-- Task requirements --
Pictures are to be left out. Copy exactly, and only, the lines from the start of the entries below to the line with "NIBEMINENT 2-Piece Colour", both included.

-- Recorded data --
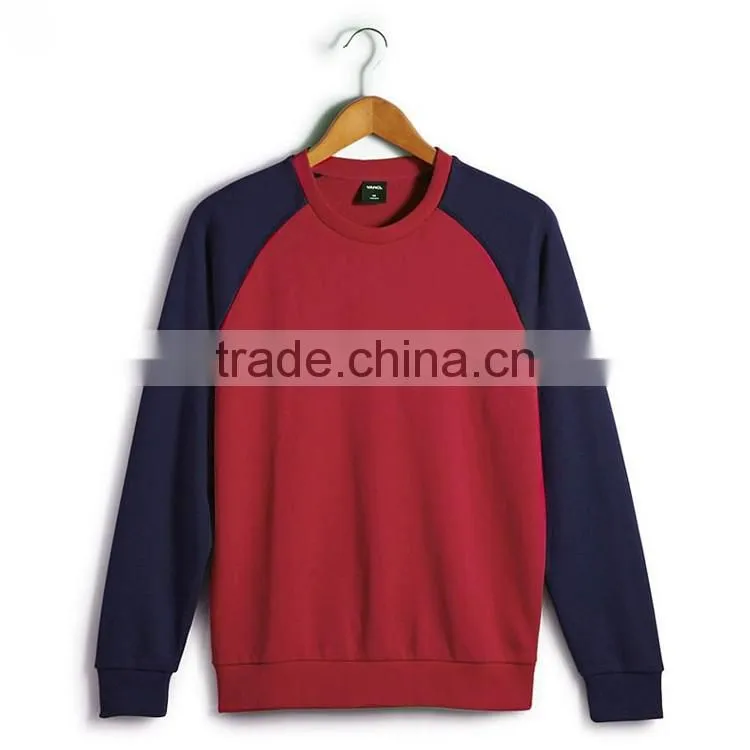 Blank sweater without hood contrast color men pullover sweater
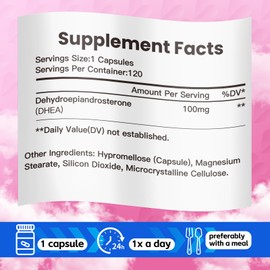 ACEYO DHEA 100mg Supplement for Men and Women,Immune & Physical Health Support,Non-GMO, Gluten Free,120 Capsules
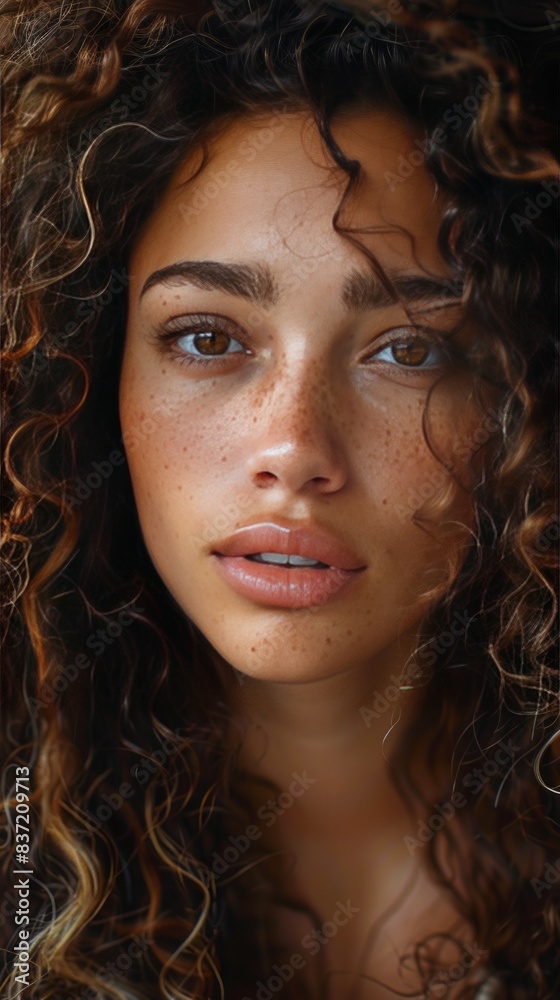 Portrait of curly-haired woman Portrait of curly-haired woman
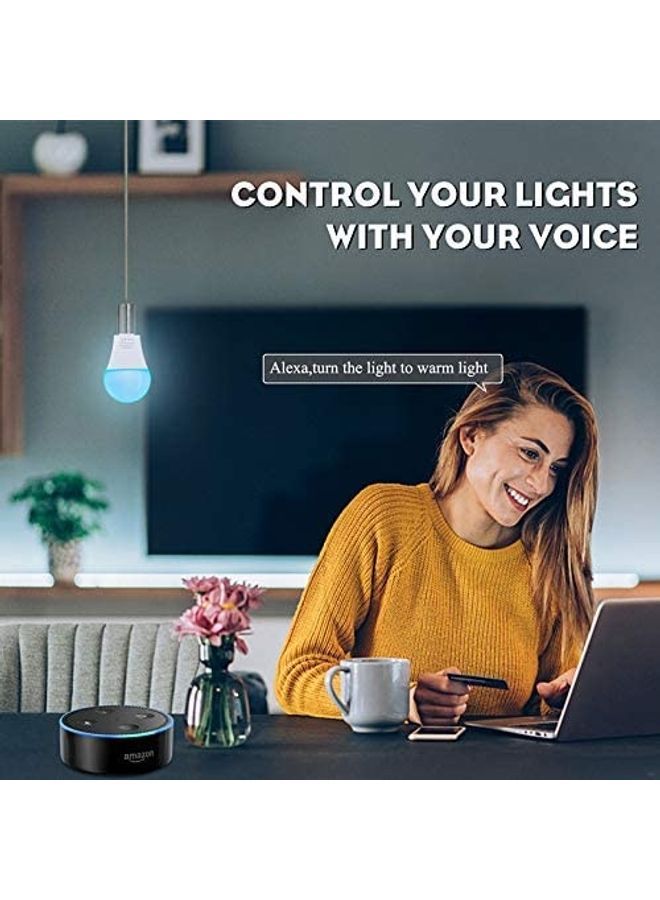 NIBEMINENT 2-Piece Colour Changing Wi-Fi LED Smart Bulb Multicolour - Image 5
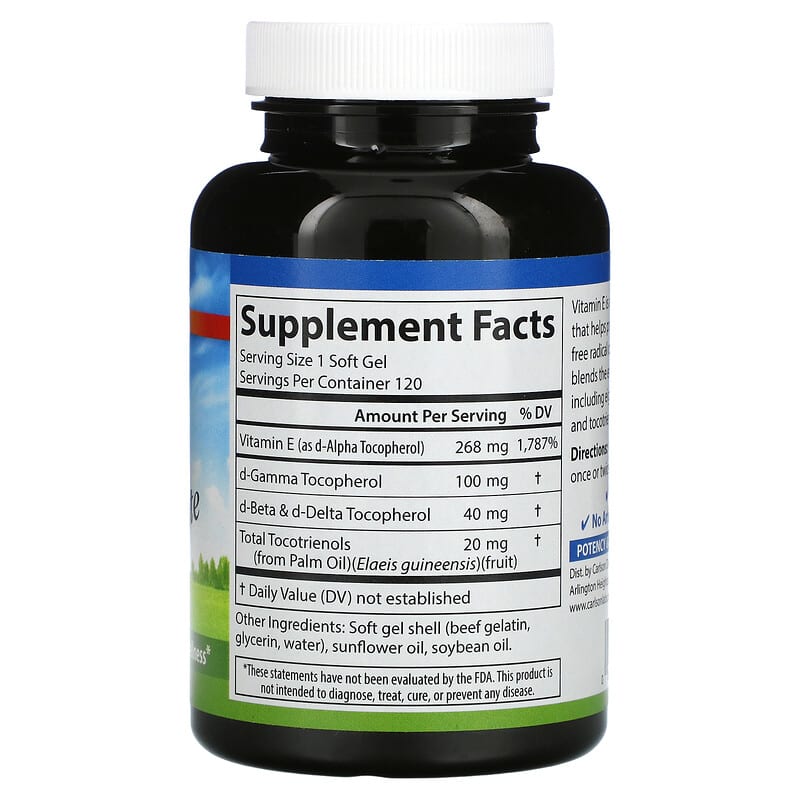 Carlson, E-Gems Elite, Vitamin E, 268 mg (400 IU), 120 Soft Gels 88395007712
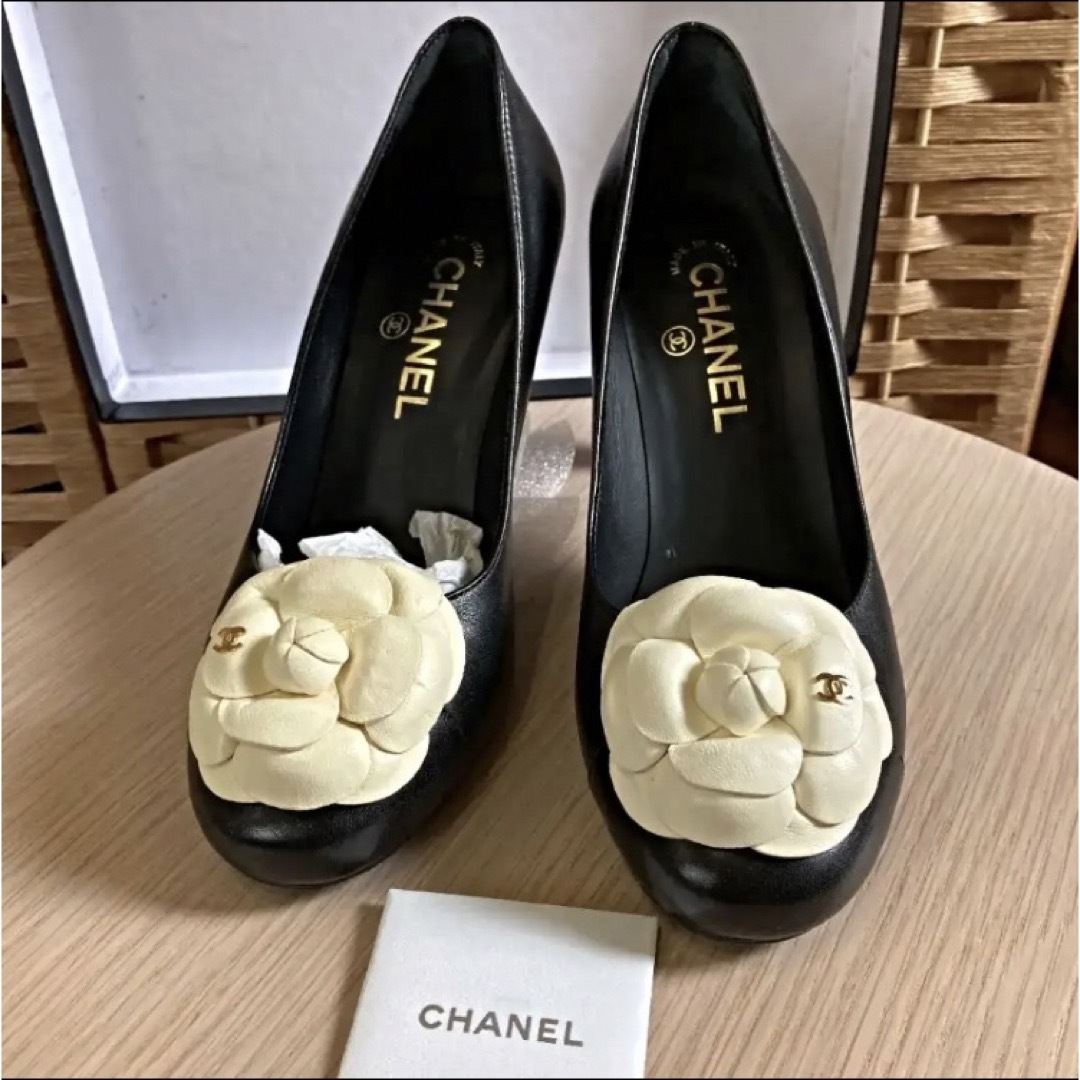 CHANEL シャネル カメリア パンプス サイズ38 - ハイヒール/パンプス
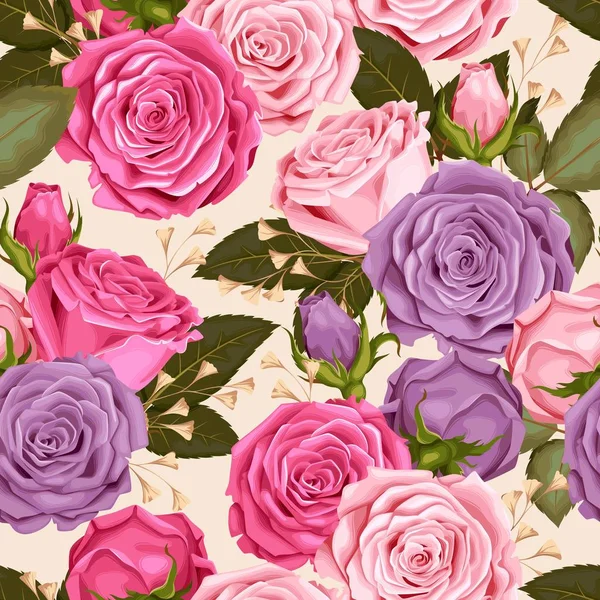 シームレスな美しいバラの花 — ストックベクタ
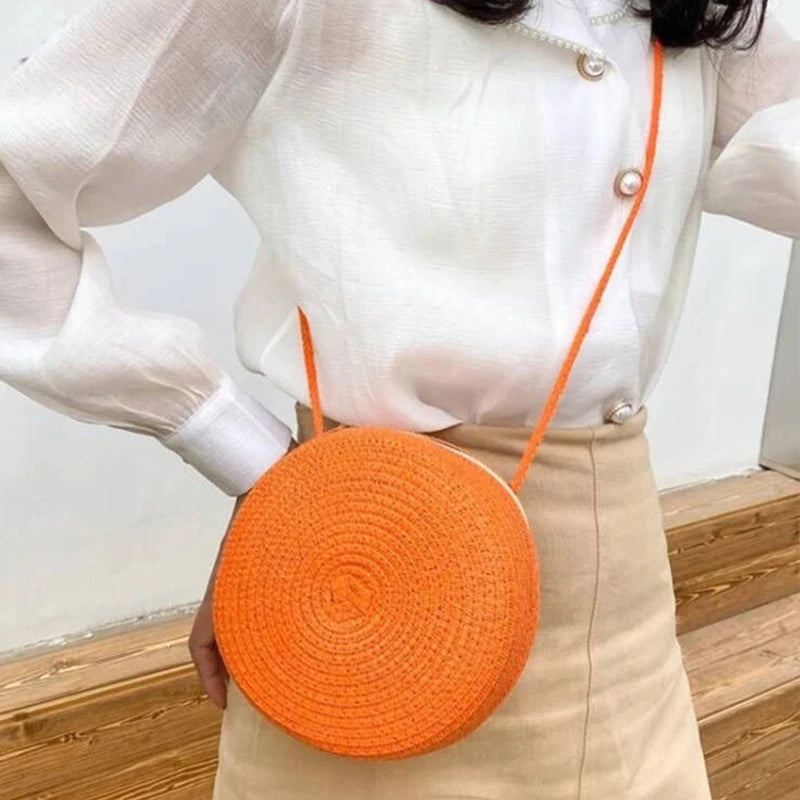 Round Straw Bag For Women Woven Handmade Shoulder Bag - Smarsty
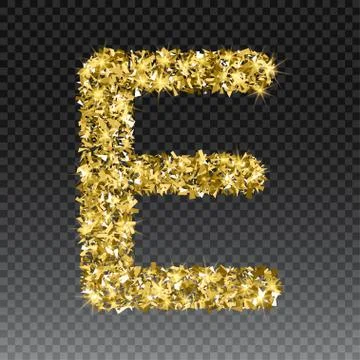Gold glittering letter E. Vector shining golden font lettering of sparkles on Stock Illustration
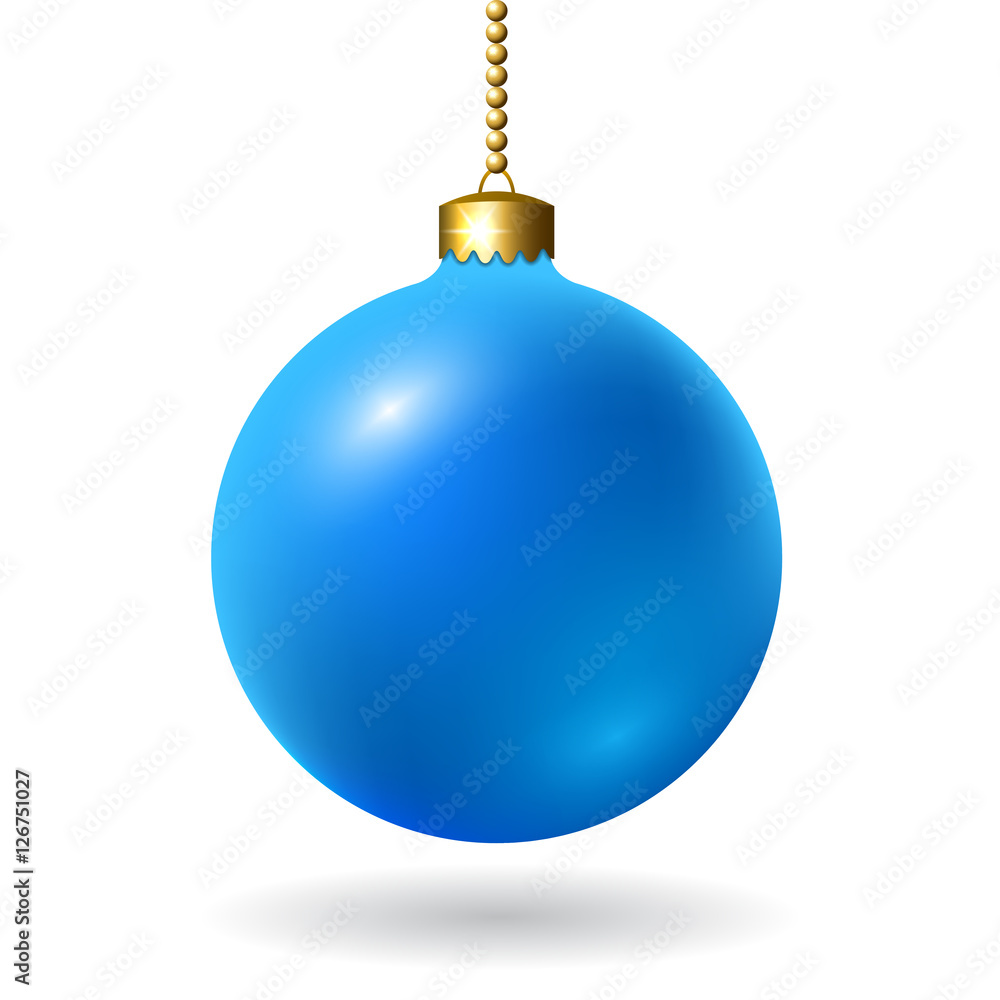 Merry Christmas 3D ball decoration. Blue glass bauble, isolated on white background. Bright shiny decorative holiday design. symbol Xmas, Happy New Year celebration. Vector illustration Merry Christmas 3D ball decoration. Blue glass bauble, isolated on white background. Bright shiny decorative holiday design. symbol Xmas, Happy New Year celebration. Vector illustration
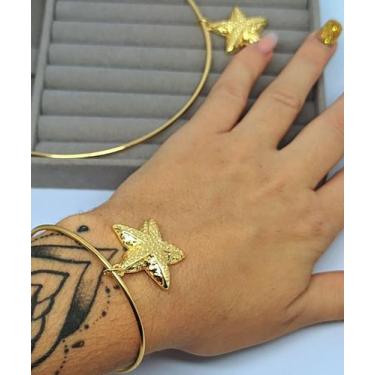 Imagem de Kit Colar Choker e Pulseira Elo Aro Liso com Pingente Estrela do Mar F
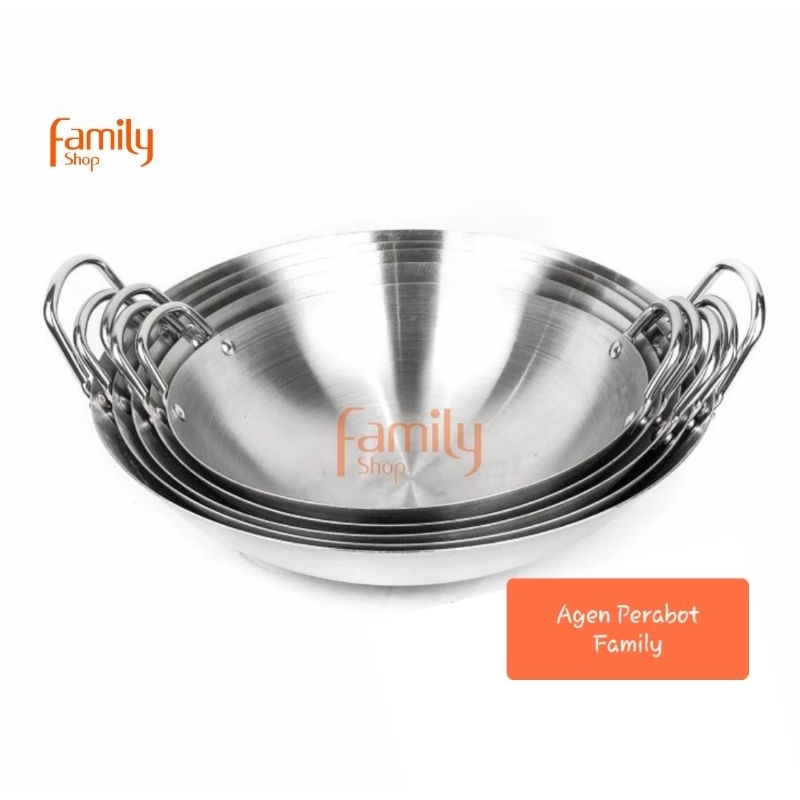 KUALI HOME PRO WAJAN PENGGORENGAN STAINLESS WOK TEBAL HOME PRO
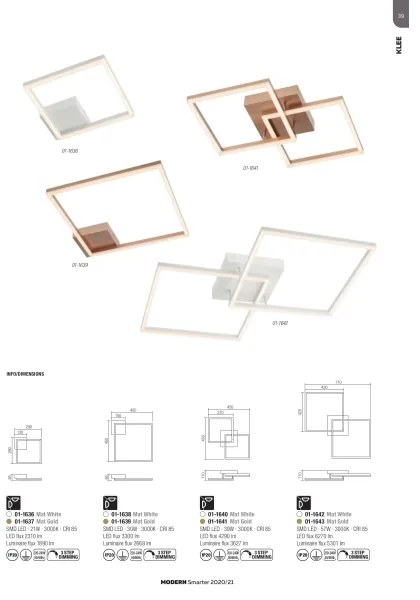 Redo 01-1639 - LED Stmievateľné stropné svietidlo KLEE LED/30W/230V 45x45 cm zlaté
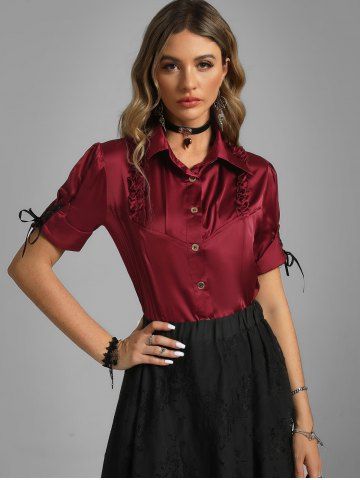 Gothic Frilled Lace-up Silky Shirt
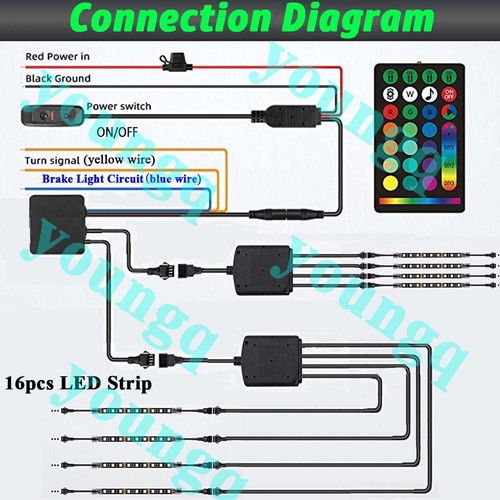 16X Motorcycle Smart Color LED Lights Accent Glow Strip Remote Control for Honda - Bild 3 von 14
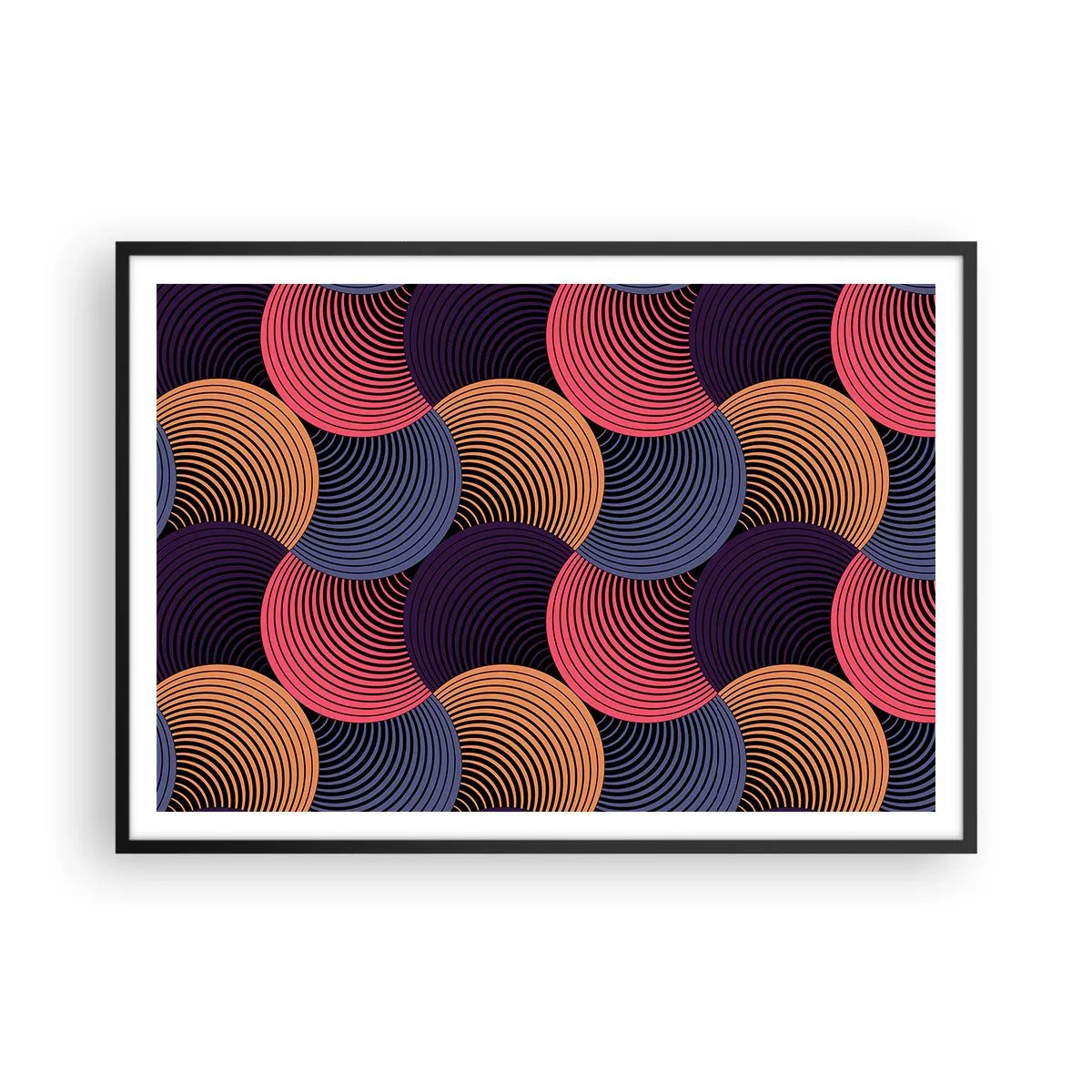 Poster in einem schwarzem Rahmen - Geometrische Kreise in Rosa-, Lila- und Goldtönen - 100x70cm - Im kreisenden Rhythmus - Moderne Wanddekoration für Wohnzimmer und Schlafzimmer ARTTOR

-- Answer for this exercise --
 Blank sweater without hood contrast color men pullover sweater
 ACEYO DHEA 100mg Supplement for Men and Women,Immune & Physical Health Support,Non-GMO, Gluten Free,120 Capsules
 Portrait of curly-haired woman Portrait of curly-haired woman
 NIBEMINENT 2-Piece Colour Changing Wi-Fi LED Smart Bulb Multicolour - Image 5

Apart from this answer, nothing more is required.